━━━━━ Dataset excerpt

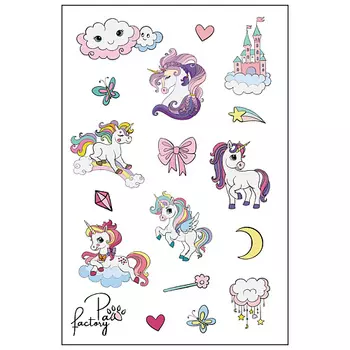 PAW FACTORY Временные переводные татуировки для тела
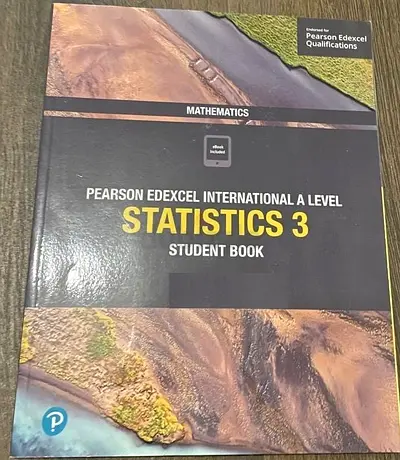 Pearson Edexcel International A Level Statistics 3 Student Book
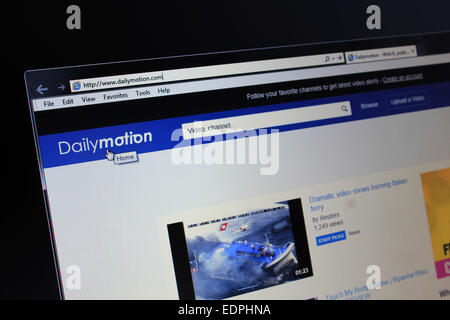 Dailymotion.com Banque D'Images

━━━━━━━━━━

* Activity
From the line that holds "Pearson Edexcel International" down to the last line of the material above, every line is to be copied exactly, both ends included; pictures are to be omitted.

* Expected answer
 Pearson Edexcel International A Level Statistics 3 Student Book
 Dailymotion.com Banque D'Images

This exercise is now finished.